'''

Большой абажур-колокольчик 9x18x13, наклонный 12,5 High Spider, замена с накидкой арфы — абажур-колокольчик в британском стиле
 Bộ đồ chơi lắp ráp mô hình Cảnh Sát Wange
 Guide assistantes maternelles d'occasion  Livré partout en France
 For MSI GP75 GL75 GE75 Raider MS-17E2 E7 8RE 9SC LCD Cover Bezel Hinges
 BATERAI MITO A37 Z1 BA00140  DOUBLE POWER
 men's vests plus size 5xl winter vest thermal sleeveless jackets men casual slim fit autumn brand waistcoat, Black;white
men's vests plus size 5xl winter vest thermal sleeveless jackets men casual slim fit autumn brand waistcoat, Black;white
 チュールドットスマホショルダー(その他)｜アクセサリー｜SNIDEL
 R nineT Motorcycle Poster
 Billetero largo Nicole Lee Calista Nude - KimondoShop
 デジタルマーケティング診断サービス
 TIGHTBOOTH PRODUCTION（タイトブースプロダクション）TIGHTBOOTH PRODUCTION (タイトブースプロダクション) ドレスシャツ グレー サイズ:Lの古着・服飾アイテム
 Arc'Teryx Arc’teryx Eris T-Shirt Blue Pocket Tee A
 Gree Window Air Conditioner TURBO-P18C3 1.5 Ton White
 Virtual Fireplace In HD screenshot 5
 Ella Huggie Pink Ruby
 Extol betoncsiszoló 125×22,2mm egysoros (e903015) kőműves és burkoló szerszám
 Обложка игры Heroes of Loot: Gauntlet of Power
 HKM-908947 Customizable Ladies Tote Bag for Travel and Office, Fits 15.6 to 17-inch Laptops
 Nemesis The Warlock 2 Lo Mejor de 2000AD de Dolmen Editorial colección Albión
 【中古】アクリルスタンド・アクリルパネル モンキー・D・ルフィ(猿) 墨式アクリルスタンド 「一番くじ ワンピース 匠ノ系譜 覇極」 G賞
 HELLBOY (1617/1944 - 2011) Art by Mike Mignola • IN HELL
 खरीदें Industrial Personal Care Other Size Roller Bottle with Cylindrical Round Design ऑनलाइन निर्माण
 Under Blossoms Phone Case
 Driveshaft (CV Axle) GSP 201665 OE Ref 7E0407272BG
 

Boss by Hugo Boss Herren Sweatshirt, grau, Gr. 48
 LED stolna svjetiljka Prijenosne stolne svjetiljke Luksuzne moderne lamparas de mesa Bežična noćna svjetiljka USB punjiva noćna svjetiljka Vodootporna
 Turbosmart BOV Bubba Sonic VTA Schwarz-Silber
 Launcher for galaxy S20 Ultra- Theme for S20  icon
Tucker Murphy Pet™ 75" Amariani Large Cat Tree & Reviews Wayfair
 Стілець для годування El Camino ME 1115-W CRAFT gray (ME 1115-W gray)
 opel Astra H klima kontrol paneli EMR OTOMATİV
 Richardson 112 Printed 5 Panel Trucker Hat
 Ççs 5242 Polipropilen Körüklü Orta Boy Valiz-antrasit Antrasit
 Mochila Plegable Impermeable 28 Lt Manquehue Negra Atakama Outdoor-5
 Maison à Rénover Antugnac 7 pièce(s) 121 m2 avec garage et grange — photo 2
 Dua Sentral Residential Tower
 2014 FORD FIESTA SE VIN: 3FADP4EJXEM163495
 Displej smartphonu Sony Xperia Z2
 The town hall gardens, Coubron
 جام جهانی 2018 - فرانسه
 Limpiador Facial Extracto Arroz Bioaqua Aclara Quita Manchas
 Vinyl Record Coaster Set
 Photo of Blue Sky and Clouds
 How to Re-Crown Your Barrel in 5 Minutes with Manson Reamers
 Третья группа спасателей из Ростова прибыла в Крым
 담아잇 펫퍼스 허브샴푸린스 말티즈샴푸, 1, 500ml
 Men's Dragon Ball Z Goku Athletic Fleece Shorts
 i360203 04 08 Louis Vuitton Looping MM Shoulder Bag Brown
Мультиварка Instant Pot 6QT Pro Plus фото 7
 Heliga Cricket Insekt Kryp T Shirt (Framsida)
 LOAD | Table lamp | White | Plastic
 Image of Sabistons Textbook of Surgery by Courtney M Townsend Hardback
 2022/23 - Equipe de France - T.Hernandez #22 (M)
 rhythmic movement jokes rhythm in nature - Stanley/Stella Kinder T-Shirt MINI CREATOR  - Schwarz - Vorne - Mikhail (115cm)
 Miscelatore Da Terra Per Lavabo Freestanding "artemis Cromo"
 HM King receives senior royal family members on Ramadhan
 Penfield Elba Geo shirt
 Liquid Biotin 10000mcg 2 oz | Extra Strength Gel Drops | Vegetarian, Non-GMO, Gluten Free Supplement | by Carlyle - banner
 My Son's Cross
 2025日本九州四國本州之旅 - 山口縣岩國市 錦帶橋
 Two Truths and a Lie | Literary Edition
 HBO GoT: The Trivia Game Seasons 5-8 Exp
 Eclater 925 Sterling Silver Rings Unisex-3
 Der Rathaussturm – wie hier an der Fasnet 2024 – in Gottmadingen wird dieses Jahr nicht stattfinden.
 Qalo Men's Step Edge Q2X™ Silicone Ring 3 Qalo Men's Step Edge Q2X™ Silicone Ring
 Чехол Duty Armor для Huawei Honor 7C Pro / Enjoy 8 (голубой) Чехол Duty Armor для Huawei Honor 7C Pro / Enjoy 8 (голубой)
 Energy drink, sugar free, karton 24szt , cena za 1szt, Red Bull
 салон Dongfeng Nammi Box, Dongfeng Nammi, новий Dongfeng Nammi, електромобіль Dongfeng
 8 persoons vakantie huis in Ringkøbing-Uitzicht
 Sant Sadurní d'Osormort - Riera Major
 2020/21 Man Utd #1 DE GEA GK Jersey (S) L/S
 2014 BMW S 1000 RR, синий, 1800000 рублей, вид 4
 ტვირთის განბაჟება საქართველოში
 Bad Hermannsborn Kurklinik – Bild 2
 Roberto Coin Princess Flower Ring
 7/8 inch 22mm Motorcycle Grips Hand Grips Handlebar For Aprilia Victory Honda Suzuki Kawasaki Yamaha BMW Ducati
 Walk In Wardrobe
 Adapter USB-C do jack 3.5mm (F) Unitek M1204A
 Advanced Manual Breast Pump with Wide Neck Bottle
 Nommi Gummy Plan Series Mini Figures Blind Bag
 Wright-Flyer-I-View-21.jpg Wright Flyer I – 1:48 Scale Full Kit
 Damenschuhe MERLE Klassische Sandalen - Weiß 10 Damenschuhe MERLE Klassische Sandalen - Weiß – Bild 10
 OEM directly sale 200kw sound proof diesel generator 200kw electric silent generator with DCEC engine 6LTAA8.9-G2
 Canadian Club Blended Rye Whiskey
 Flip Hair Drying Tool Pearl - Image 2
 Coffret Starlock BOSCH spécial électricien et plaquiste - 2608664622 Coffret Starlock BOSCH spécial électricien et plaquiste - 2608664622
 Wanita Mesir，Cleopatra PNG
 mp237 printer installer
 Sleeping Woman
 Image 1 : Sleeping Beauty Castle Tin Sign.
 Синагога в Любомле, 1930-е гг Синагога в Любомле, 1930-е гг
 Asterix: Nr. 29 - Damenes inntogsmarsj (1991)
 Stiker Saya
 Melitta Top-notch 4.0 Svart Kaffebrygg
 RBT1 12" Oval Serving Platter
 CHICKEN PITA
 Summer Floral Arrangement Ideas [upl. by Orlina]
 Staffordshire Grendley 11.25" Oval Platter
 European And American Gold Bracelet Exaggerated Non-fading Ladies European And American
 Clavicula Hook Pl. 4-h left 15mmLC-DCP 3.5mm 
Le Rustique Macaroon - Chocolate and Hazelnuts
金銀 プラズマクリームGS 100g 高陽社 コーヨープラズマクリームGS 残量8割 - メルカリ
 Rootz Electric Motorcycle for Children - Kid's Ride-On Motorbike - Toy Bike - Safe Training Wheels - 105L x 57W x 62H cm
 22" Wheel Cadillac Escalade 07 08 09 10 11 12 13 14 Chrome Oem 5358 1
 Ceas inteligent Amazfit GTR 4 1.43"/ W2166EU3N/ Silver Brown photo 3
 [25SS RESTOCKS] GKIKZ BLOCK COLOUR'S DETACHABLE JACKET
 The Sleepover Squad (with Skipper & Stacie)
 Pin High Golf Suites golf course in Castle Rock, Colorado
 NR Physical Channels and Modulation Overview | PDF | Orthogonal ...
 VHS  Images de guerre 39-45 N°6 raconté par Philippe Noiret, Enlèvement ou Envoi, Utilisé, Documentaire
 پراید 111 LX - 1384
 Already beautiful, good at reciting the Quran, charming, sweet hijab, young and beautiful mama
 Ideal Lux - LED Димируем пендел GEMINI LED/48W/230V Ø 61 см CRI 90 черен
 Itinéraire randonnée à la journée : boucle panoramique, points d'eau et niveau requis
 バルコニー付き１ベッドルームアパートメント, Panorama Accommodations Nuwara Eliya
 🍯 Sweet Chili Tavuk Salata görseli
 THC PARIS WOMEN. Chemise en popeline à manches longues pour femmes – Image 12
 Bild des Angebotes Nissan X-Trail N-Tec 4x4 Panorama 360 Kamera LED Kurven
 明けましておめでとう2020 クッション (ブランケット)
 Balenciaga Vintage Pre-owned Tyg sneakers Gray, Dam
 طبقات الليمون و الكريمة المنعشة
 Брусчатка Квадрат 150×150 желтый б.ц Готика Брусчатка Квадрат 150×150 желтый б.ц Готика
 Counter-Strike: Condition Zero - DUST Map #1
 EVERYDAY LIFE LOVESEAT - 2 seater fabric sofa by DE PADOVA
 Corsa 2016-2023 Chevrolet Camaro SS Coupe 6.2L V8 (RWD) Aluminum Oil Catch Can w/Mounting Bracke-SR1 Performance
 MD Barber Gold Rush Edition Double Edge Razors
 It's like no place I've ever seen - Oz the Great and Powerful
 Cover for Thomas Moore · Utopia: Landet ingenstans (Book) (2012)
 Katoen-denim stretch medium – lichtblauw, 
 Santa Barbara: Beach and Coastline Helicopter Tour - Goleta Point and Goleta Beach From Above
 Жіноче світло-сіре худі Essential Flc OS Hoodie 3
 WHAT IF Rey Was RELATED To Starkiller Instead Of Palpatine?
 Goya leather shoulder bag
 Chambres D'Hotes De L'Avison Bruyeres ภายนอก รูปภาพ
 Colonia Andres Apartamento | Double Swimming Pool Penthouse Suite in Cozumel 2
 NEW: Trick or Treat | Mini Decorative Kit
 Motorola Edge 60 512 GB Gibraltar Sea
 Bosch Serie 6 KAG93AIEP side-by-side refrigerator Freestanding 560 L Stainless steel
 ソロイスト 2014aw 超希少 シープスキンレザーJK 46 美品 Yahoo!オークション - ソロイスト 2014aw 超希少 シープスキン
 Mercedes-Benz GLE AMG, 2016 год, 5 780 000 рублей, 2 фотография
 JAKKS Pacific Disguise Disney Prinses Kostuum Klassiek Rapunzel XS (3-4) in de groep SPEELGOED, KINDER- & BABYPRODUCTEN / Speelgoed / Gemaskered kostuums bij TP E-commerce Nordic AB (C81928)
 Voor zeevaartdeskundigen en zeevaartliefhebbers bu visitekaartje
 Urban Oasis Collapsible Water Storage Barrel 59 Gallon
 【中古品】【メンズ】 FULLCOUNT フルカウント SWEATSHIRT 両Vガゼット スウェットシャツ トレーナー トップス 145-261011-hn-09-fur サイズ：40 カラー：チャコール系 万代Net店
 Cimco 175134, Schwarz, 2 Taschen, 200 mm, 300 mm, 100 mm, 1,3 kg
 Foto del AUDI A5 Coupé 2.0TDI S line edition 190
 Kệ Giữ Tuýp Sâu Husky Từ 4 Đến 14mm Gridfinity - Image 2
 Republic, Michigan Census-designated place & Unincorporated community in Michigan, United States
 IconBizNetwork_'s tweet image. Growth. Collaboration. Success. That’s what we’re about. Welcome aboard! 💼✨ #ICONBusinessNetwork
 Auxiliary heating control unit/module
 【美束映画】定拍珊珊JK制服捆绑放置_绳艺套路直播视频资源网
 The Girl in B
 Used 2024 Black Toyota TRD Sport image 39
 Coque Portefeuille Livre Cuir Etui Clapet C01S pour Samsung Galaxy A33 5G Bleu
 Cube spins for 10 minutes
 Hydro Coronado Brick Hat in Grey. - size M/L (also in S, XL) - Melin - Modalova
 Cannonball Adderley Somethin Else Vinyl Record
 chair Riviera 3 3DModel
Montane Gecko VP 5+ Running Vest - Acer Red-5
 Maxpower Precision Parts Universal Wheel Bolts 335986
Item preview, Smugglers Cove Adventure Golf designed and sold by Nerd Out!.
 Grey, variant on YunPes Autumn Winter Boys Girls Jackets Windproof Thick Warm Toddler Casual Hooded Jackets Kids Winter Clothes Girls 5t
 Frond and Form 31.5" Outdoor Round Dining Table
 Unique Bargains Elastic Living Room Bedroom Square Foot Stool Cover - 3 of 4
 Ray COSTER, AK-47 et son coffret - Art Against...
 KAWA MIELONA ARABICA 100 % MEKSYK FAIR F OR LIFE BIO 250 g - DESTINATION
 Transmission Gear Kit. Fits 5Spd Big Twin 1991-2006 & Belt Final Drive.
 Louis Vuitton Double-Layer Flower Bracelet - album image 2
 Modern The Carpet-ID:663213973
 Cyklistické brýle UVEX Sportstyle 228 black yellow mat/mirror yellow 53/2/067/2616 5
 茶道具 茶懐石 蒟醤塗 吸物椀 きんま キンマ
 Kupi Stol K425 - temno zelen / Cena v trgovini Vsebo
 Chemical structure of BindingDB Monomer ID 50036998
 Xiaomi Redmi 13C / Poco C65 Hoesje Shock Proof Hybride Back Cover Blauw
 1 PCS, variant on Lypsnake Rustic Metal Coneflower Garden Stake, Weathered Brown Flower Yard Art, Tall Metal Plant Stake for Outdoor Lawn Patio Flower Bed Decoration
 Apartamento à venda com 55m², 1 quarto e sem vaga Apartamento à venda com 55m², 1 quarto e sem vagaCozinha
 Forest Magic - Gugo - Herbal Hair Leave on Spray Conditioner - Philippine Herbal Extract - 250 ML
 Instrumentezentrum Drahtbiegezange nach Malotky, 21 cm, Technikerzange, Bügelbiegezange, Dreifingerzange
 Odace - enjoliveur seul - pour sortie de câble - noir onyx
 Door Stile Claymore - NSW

'''

TASK REQUIREMENTS
Return the span of lines in the data above that opens at the line with "OEM directly sale" and closes at the line with "Синагога в Любомле, 1930-е гг Синагога", exactly, ends included, nothing else.

THE COMPLETED TASK
 OEM directly sale 200kw sound proof diesel generator 200kw electric silent generator with DCEC engine 6LTAA8.9-G2
 Canadian Club Blended Rye Whiskey
 Flip Hair Drying Tool Pearl - Image 2
 Coffret Starlock BOSCH spécial électricien et plaquiste - 2608664622 Coffret Starlock BOSCH spécial électricien et plaquiste - 2608664622
 Wanita Mesir，Cleopatra PNG
 mp237 printer installer
 Sleeping Woman
 Image 1 : Sleeping Beauty Castle Tin Sign.
 Синагога в Любомле, 1930-е гг Синагога в Любомле, 1930-е гг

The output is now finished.